Restate the listing below word for word, pictures excluded.

• Data segment:
BEGIN
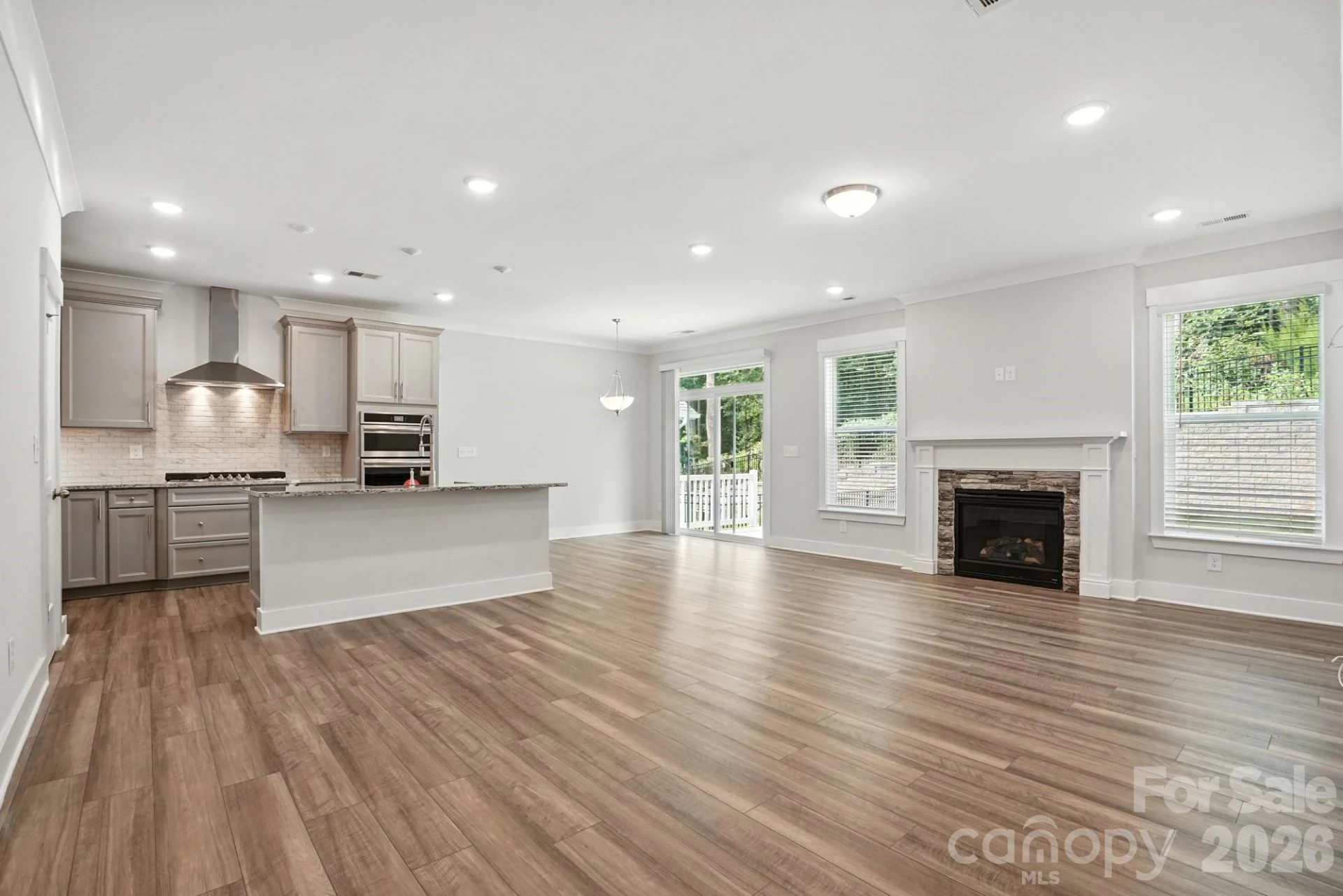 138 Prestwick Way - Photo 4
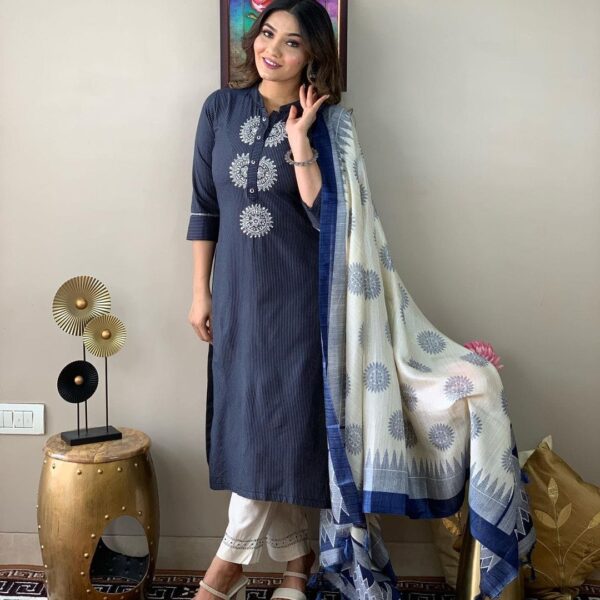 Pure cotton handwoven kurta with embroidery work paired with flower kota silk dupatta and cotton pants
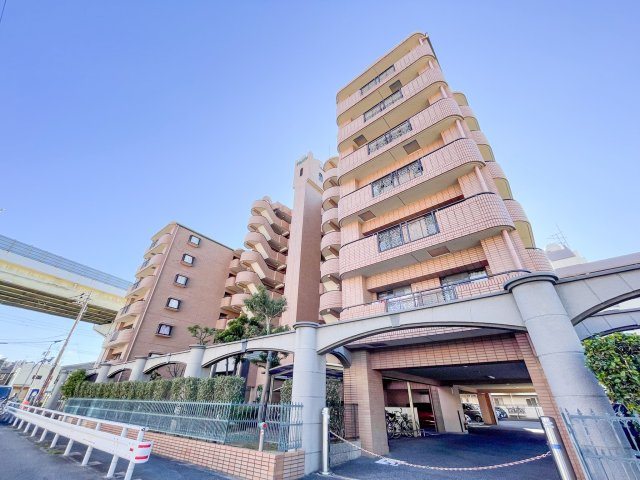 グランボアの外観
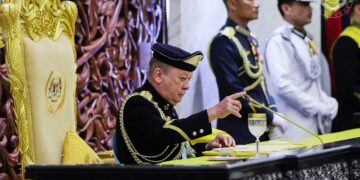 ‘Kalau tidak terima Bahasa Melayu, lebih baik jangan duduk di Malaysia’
END
• Task response:
 138 Prestwick Way - Photo 4
 Pure cotton handwoven kurta with embroidery work paired with flower kota silk dupatta and cotton pants
 グランボアの外観
 ‘Kalau tidak terima Bahasa Melayu, lebih baik jangan duduk di Malaysia’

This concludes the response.